By no means, sir. You reflect upon my purity. Myself and my friends, particularly my friend Mr. Sackbut, are famous for our purity. No, sir, genuine untangible ghosts. I live in a world of ghosts. I see a ghost at this moment.
Mr. Flosky fixed his eyes on a door at the farther end of the library. The company looked in the same direction. The door silently opened, and a ghastly figure, shrouded in white drapery, with the semblance of a bloody turban on its head, entered and stalked slowly up the apartment. Mr. Flosky, familiar as he was with ghosts, was not prepared for this apparition, and made the best of his way out at the opposite door. Mrs. Hilary and Marionetta followed, screaming. The Honourable Mr. Listless, by two turns of his body, rolled first off the sofa and then under it. The Reverend Mr. Larynx leaped up and fled with so much precipitation, that he overturned the table on the foot of Mr. Glowry. Mr. Glowry roared with pain hi the ear of Mr. Toobad. Mr. Toobad’s alarm so bewildered his senses, that, missing the door, he threw up one of the windows, jumped out in his panic, and plunged over head and ears in the moat. Mr. Asterias and his son, who were on the watch for their mermaid, were attracted by the splashing, threw a net over him, and dragged him to land.

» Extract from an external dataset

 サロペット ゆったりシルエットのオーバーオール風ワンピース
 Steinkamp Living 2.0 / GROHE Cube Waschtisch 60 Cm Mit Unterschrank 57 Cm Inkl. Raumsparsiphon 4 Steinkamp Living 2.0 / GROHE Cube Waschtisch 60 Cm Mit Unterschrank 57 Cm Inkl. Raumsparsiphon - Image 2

Scythrop and Mr. Hilary meanwhile had hastened to his assistance, and, on arriving at the edge of the moat, followed by several servants with ropes and torches, found Mr. Asterias and Aquarius busy in endeavouring to extricate Mr. Toobad from the net, who was entangled in the meshes, and floundering with rage. Scythrop was lost in amazement; but Mr. Hilary saw, at one view, all the circumstances of the adventure, and burst into an immoderate fit of laughter; on recovering from which, he said to Mr. Asterias, “You have caught an odd fish, indeed.” Mr. Toobad was highly exasperated at this unseasonable pleasantry; but Mr. Hilary softened his anger, by producing a knife, and cutting the Gordian knot of his reticular envelopment. “You see,” said Mr. Toobad, “you see, gentlemen, in my unfortunate person proof upon proof of the present dominion of the devil in the affairs of this world; and I have no doubt but that the apparition of this night was Apollyon himself in disguise, sent for the express purpose of terrifying me into this complication of misadventures. The devil is come among you, having great wrath, because he knoweth that he hath but a short time.”